Provided records Start Marker

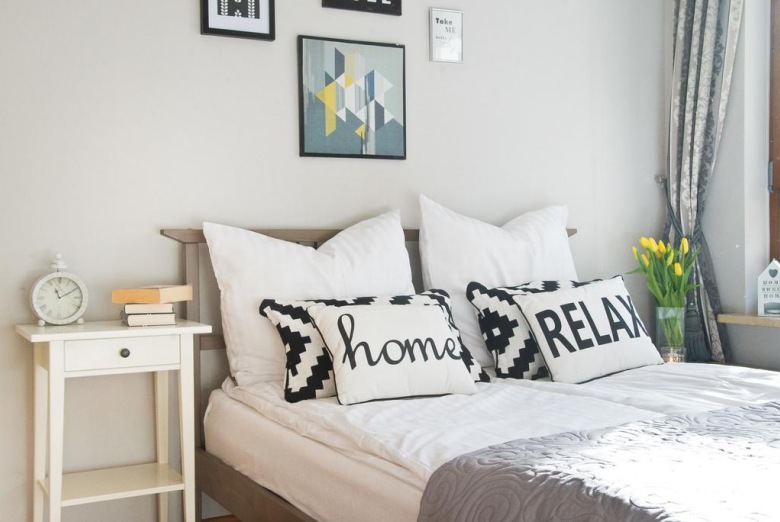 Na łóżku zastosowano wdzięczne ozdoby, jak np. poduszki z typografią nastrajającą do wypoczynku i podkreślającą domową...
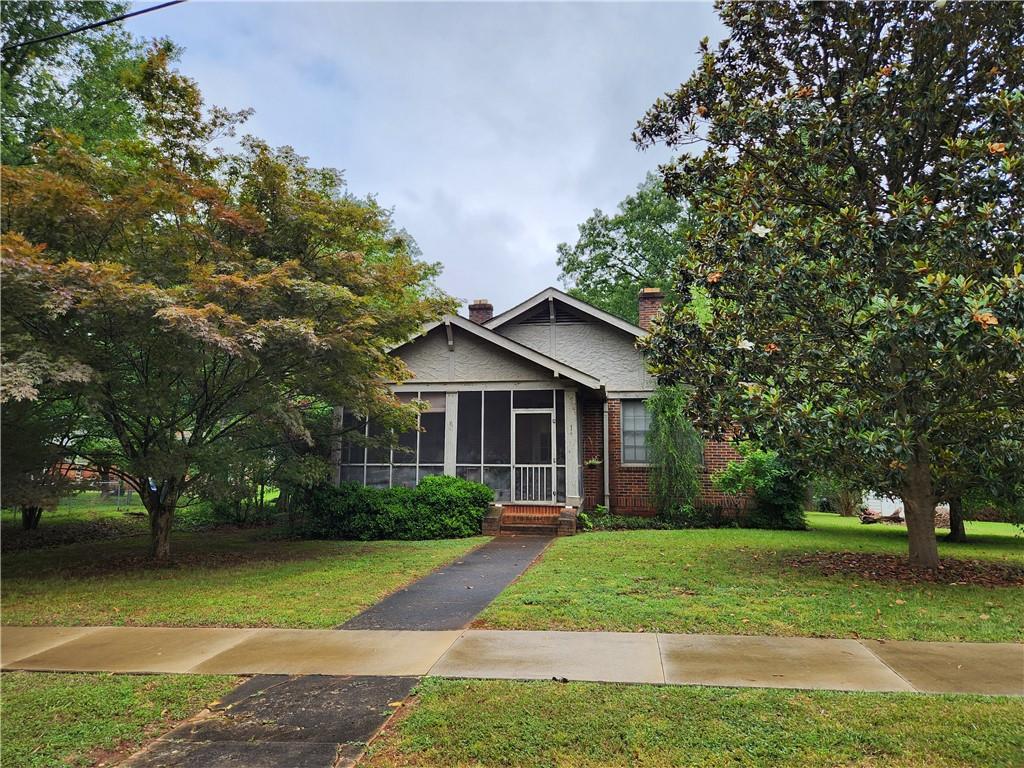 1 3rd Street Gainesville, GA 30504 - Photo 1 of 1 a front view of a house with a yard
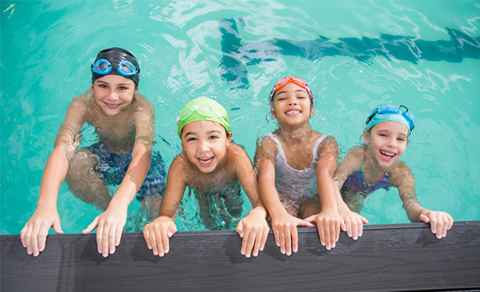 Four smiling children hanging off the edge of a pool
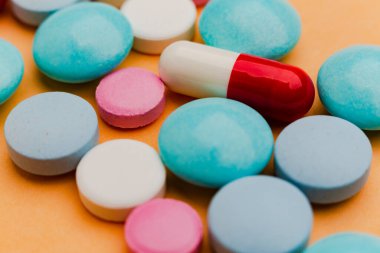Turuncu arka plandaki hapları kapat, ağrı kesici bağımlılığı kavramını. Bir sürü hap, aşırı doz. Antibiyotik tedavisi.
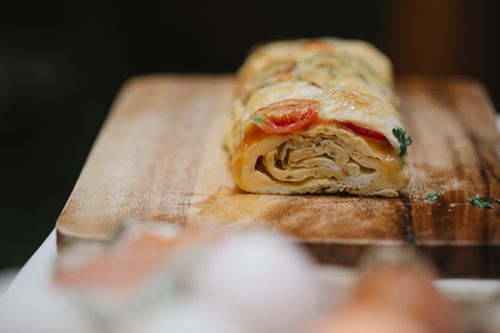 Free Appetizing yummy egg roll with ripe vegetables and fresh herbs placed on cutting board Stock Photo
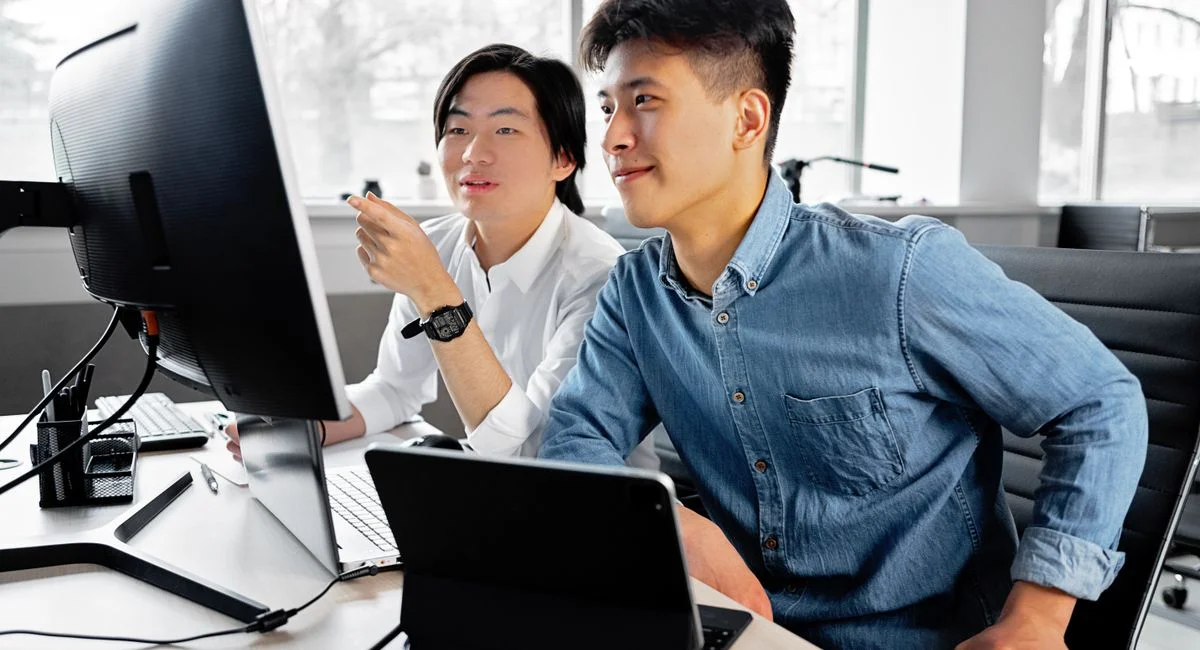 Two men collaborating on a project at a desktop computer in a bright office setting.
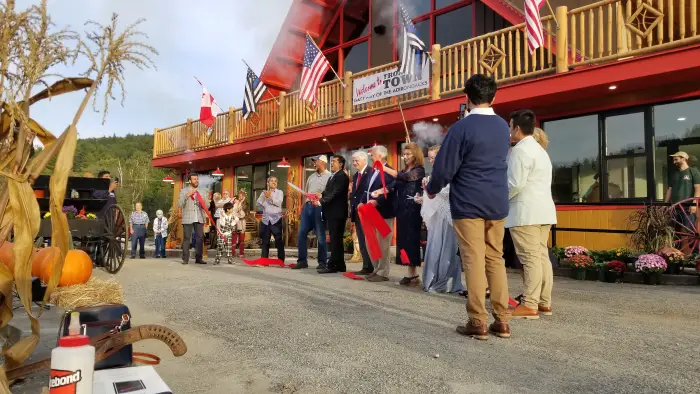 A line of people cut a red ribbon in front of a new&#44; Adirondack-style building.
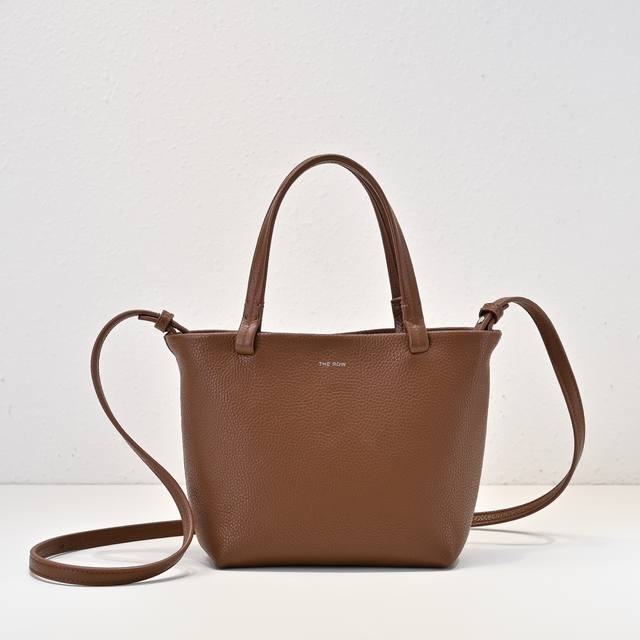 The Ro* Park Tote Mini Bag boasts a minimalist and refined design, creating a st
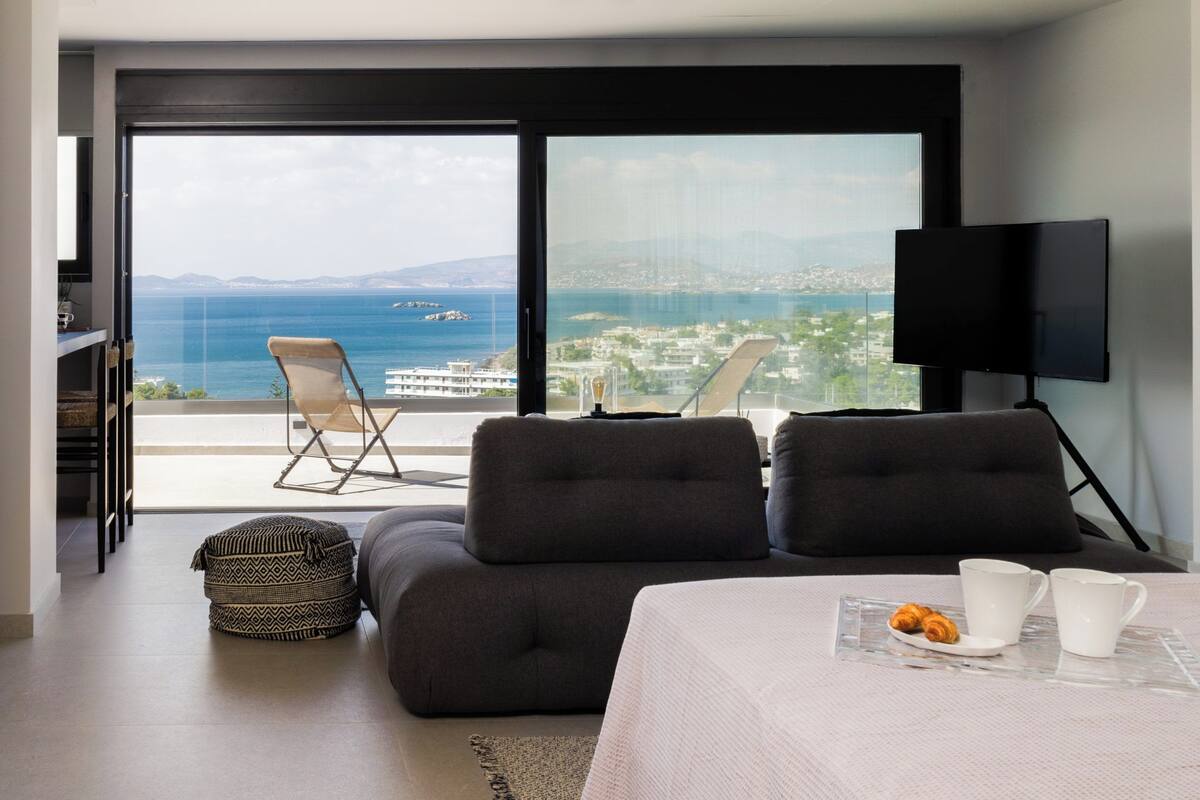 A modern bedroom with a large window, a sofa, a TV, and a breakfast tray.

Provided records End Marker

What this task involves
From the line containing "Four smiling children" through the last line of the entries, copy each line exactly and only those, skipping all pictures.

Exercise response
 Four smiling children hanging off the edge of a pool
Turuncu arka plandaki hapları kapat, ağrı kesici bağımlılığı kavramını. Bir sürü hap, aşırı doz. Antibiyotik tedavisi.
 Free Appetizing yummy egg roll with ripe vegetables and fresh herbs placed on cutting board Stock Photo
 Two men collaborating on a project at a desktop computer in a bright office setting.
 A line of people cut a red ribbon in front of a new&#44; Adirondack-style building.
 The Ro* Park Tote Mini Bag boasts a minimalist and refined design, creating a st
 A modern bedroom with a large window, a sofa, a TV, and a breakfast tray.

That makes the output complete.